Internet of Things  Entertainment Industry  indoor tracking  RTLS  BLE Beacon  pattern recognition  Linear Discriminant Analysis  Weibull distribution 



Abstract:

The paper presents the key components of an innovative Integrated Visitor Support System (IVSS) for the distributed entertainment industry, based on Internet of Things (IoT) technology and classification analysis. Regarding the modern IoT layered models, including indoor tracking technologies and pattern recognition algorithm, the project of IVSS was
presented. Simple tracking concepts based on chaining of Login Records to form a Path Vector (PV) by so-called poly-LR-isation process was proposed. The data generation model was also developed, where a Weibull and Poison distributions were adopted to generating Login Period and Entry Time parameters, respectively.
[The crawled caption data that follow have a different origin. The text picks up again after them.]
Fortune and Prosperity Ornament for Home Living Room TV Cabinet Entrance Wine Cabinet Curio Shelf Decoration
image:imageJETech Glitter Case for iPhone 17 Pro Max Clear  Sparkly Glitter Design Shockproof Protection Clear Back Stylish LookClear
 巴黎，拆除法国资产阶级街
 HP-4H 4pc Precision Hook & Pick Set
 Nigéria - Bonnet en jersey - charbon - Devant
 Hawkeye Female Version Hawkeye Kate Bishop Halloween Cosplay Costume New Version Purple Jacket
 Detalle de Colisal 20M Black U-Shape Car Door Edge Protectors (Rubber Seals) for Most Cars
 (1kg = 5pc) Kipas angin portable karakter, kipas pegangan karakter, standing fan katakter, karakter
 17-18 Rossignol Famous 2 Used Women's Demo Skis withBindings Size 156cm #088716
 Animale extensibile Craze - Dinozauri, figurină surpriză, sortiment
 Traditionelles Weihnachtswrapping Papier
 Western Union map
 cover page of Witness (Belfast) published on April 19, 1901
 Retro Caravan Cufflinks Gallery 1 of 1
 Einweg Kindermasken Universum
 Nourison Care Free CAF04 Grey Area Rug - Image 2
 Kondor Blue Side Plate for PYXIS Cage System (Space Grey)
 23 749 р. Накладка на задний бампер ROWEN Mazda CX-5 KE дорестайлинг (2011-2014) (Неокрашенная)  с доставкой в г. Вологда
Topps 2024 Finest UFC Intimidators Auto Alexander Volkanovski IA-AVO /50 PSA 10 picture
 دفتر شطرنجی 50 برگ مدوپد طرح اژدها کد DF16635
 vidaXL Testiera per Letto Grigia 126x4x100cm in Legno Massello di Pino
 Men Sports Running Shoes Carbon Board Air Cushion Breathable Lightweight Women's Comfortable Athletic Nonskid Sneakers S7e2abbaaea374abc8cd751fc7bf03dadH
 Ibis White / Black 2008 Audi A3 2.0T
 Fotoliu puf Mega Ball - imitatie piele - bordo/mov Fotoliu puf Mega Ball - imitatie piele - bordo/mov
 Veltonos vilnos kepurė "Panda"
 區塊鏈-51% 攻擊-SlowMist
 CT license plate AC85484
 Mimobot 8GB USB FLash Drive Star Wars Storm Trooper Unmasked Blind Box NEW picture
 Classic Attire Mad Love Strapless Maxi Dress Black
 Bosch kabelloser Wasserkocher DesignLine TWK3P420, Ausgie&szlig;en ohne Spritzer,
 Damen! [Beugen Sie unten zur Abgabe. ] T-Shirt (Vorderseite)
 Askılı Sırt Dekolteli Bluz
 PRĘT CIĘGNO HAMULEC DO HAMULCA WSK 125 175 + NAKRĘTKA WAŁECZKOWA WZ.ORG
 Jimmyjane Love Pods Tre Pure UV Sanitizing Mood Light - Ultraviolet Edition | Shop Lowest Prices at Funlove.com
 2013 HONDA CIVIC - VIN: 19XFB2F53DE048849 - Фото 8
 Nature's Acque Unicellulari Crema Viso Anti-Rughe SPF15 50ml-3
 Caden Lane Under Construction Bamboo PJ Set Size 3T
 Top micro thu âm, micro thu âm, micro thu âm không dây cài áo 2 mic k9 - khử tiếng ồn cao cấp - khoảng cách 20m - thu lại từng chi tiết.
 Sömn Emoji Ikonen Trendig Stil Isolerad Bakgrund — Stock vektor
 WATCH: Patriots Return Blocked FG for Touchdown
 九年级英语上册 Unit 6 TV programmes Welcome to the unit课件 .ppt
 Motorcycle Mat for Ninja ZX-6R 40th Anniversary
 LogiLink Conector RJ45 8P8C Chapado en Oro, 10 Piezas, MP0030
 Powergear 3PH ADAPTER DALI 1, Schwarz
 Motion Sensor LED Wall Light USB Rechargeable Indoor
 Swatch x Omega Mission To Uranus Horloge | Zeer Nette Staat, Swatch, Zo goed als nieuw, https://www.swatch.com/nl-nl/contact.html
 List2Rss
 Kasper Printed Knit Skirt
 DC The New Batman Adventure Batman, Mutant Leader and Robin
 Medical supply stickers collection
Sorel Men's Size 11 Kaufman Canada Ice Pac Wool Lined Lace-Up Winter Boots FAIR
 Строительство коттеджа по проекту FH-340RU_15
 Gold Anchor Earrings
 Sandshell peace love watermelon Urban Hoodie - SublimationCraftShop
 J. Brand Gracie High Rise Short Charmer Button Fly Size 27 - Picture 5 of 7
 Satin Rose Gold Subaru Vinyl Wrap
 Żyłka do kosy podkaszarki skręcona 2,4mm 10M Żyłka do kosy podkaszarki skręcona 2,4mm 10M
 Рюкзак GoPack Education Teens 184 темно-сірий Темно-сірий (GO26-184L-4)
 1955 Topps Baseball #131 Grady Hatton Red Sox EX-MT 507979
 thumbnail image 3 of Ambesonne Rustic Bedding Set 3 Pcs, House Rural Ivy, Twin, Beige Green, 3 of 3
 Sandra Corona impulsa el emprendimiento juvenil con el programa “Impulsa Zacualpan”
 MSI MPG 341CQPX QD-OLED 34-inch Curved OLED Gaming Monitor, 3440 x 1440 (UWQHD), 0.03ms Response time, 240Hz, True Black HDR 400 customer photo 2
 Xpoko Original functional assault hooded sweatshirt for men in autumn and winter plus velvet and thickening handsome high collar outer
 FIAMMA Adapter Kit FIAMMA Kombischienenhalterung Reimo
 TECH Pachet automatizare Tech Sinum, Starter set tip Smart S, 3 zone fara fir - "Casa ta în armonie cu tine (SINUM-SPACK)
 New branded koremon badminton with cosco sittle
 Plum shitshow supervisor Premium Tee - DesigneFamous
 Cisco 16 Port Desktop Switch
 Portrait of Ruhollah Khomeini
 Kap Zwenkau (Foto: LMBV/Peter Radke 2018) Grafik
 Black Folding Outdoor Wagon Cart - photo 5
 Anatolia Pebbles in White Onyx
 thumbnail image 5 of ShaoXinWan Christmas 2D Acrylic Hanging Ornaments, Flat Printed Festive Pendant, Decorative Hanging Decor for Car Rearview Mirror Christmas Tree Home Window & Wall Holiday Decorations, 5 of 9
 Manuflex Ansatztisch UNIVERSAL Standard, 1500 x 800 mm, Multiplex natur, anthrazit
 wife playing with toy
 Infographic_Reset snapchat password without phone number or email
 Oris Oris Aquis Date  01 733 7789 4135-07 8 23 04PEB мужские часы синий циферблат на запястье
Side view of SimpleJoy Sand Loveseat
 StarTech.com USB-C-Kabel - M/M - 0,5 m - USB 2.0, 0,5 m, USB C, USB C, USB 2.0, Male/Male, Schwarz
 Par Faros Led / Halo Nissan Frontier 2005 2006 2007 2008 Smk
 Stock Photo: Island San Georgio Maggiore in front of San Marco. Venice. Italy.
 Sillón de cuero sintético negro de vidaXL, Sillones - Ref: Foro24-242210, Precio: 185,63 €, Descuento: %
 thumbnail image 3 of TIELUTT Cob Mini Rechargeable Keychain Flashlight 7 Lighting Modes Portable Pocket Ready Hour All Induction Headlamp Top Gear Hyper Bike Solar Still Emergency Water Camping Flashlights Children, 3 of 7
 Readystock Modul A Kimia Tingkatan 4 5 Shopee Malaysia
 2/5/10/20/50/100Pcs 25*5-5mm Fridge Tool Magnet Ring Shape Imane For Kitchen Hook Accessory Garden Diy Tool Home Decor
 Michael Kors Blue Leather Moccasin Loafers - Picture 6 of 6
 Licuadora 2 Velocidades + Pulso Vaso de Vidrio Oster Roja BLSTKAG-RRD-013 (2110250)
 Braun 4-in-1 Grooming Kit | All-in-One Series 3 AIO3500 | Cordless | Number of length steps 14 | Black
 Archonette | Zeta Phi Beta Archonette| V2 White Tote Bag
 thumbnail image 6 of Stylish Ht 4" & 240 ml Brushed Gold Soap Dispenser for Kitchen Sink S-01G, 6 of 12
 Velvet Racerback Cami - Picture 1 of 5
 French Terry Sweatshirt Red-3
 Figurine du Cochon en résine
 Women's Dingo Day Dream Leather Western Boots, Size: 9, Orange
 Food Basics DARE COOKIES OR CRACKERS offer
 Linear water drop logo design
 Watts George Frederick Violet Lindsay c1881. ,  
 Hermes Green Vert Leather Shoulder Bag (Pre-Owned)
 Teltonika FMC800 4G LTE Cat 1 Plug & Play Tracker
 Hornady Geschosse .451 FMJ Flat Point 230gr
The data in the form of PVs set was generated for a virtual theme park containing twenty monitored Points of Interest (POIs). The 5 different Visitors’ profiles and 4 different behavior types were defined in the model. The efficiency of pattern recognition was calculated according to the Linear Discriminant Analysis concept. Influence of the set of independent variables on the efficiency of correctly classified labels was reported. It has been shown that high efficiency in recognizing the types of behavior can be obtained including the total number of logins in the POIs area and first login times, whereas the proper separation of profiles needs additional data as Login Period.